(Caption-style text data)
━━━
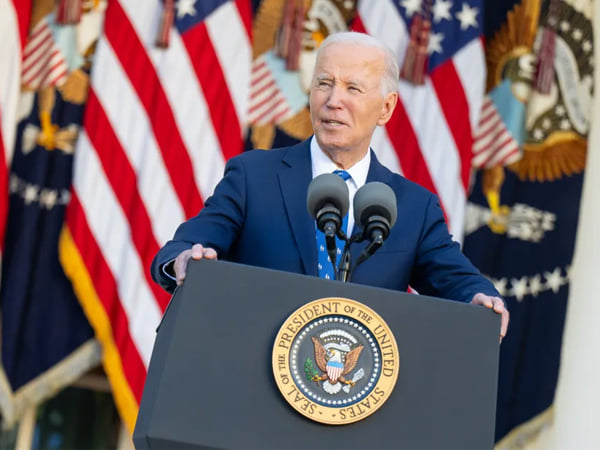 US President Joe Biden approves major disaster declaration for South ...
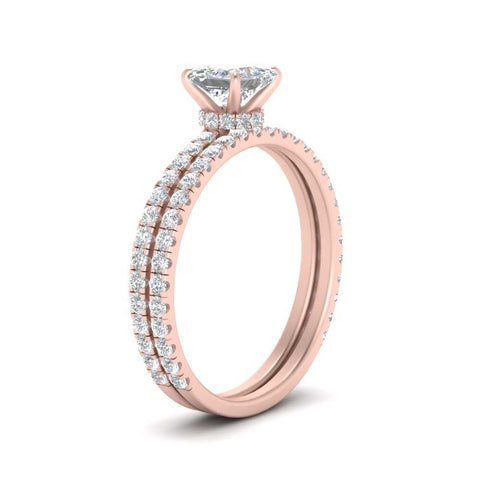 three-quarter-princess-cut-diamond-gallery-bridal-ring-set-in-FD9168PRANGLE3-NL-RG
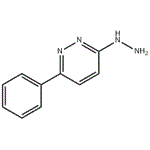 3-Hydrazino-6-phenylpyridazine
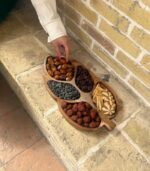 اردو خوری برگ چوب گردو - تصویر 2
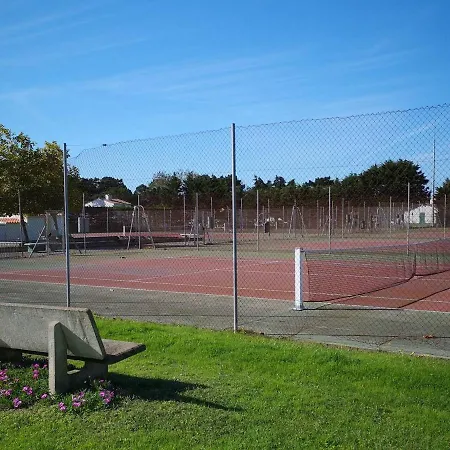 Mais. 2P. Mezzanine, Piscine, Bbq, Pres De La Mer - Fr-1-224A-388 Brétignolles-sur-Mer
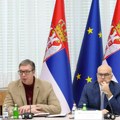 Predsednik Vučić sazvao ministre i kompletan kabinet: Očekuje se objavljivanje odluke o sankcijama protiv NIS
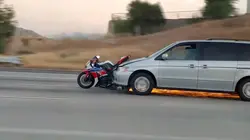 Dangers sur la route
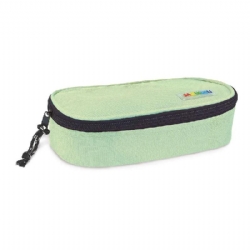 Lebez 81079 Astuccio Ovale Saccuccioli Pastel Round Basic Colore Verde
━━━
Work required – Retype all the data exactly; skip the pictures.

Written solution –
 US President Joe Biden approves major disaster declaration for South ...
 three-quarter-princess-cut-diamond-gallery-bridal-ring-set-in-FD9168PRANGLE3-NL-RG
 3-Hydrazino-6-phenylpyridazine
 اردو خوری برگ چوب گردو - تصویر 2
 Mais. 2P. Mezzanine, Piscine, Bbq, Pres De La Mer - Fr-1-224A-388 Brétignolles-sur-Mer
 Predsednik Vučić sazvao ministre i kompletan kabinet: Očekuje se objavljivanje odluke o sankcijama protiv NIS
 Dangers sur la route
 Lebez 81079 Astuccio Ovale Saccuccioli Pastel Round Basic Colore Verde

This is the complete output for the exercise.